Rodolfo Parada Lillo is a Chilean musician, composer, engineer and anthropologist. Parada joined Quilapayún in 1968, which made the group into a sextet - the formation which recorded the “Cantata Santa María de Iquique. Upon joining the group he became the major solo voice of the ensemble (e.g. in “Dicen que la patria es…”, “Por que los pobres no tienen”, “Plegaria a un labrador”, “Vamos mujer”. A fan of the “chanson française” he decided to reduce his activity as a student leader while the group was at its popularity peak during the Salvador Allende Government. He first composed “Ausencia” for the group in their “Quilapayún 5” album with assistance from Eduardo Carrasco.
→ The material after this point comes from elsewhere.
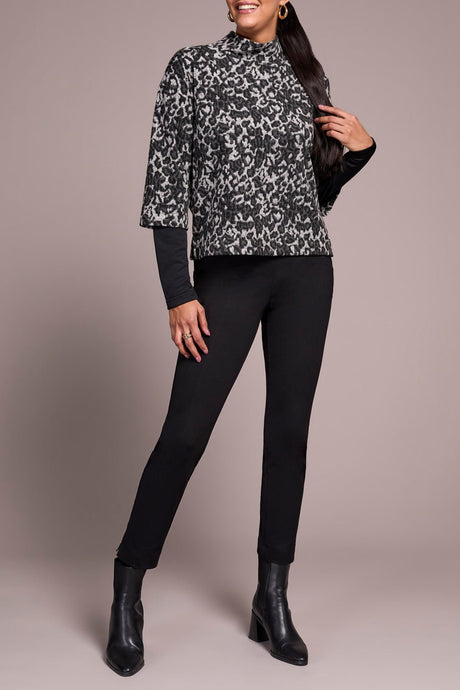 Tribal Women's Long Sleeve Mock Neck Top - Black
Whilst in exile he composed the instrumental music pieces: “Susurro” and "El paso del ñandu", plus he also composed music for Pablo Neruda's poem "El arbol de los libres" and for Rafael Alberti's "La primavera". After exile his voice register underwent a change and he assumed a lower vocal range e.g. “Ronda del ausente”, “Luz negra”; “Complainte de Pablo Neruda” - inter alia.
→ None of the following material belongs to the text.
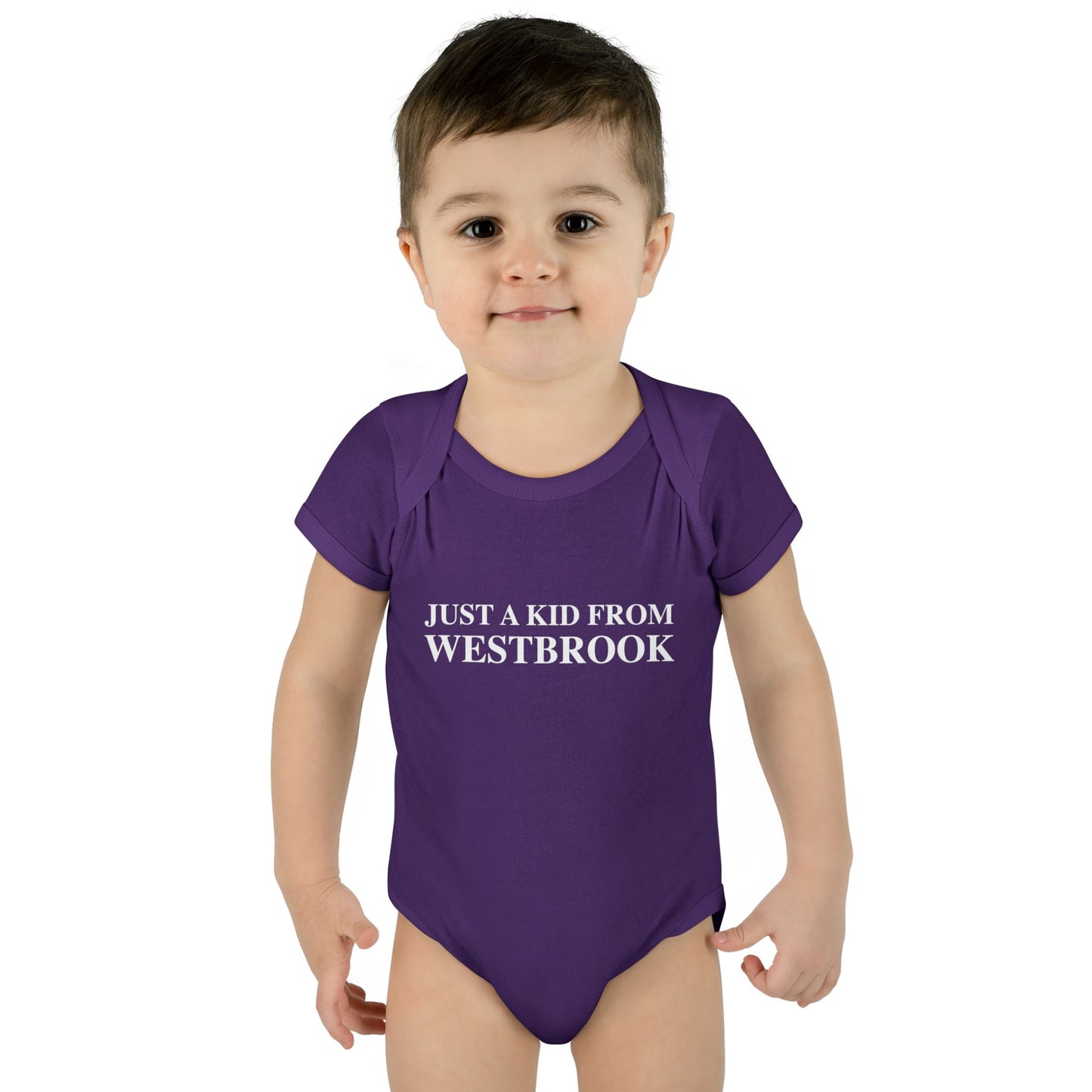 Just a kid from Westbrook Infant Baby Rib Bodysuit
After Eduardo Carrasco left the band in 1989 and became the group director and principal composer. During this period he earned a doctorate in anthropology from the Sorbonne in Paris, and when the activity of the band decreased he worked in the French Ministry of Culture. Parada was awarded the Ordre des Arts et des Lettres (order of arts and letters) which is a national order of merit the French Republic grants individuals recognized for their outstanding contribution to the development of culture.